**EXERCISE:**
Every line below from the one with "46 Stark Lane, Litchfield, NH 03052" through the one with "Style na Jovani" is to be repeated exactly, with no picture among them.

**DATA SHOWN:**
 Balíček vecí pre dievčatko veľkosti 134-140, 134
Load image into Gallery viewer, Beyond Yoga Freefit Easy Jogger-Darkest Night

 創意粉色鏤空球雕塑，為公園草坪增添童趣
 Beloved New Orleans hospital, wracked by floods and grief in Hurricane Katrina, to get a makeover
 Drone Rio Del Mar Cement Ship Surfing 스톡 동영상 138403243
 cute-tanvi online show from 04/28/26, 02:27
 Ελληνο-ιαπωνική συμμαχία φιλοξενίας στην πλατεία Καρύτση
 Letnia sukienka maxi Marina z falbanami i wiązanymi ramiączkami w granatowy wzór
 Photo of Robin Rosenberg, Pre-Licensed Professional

--

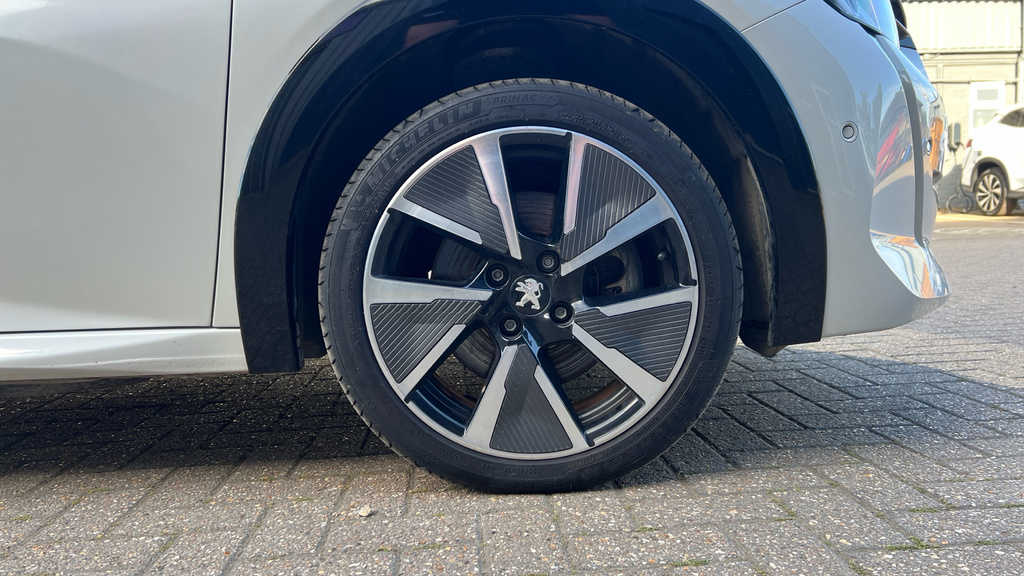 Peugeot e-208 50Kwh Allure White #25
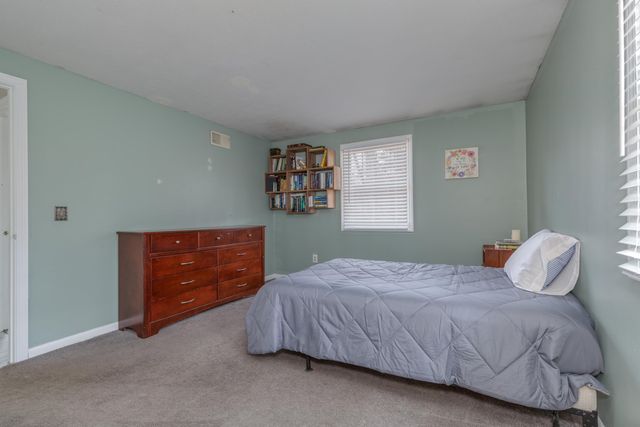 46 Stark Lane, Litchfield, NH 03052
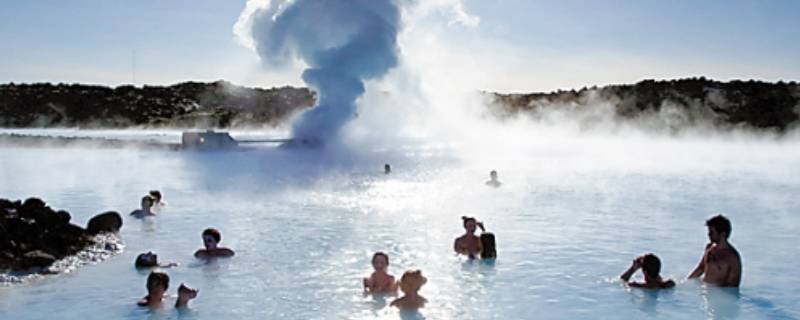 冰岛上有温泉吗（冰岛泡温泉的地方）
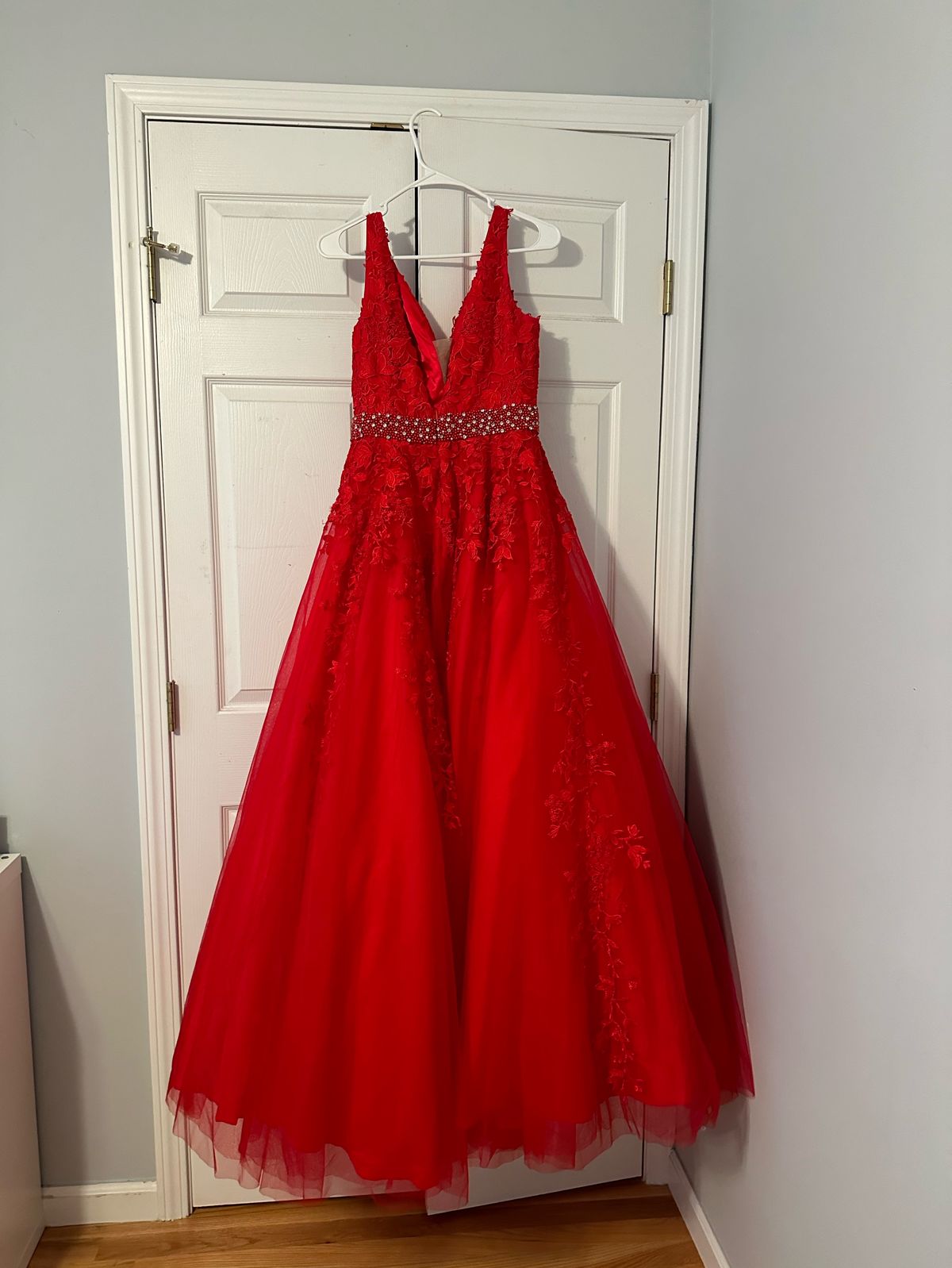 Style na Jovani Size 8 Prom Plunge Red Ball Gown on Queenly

**ANSWER BOX:**
 46 Stark Lane, Litchfield, NH 03052
 冰岛上有温泉吗（冰岛泡温泉的地方）
 Style na Jovani Size 8 Prom Plunge Red Ball Gown on Queenly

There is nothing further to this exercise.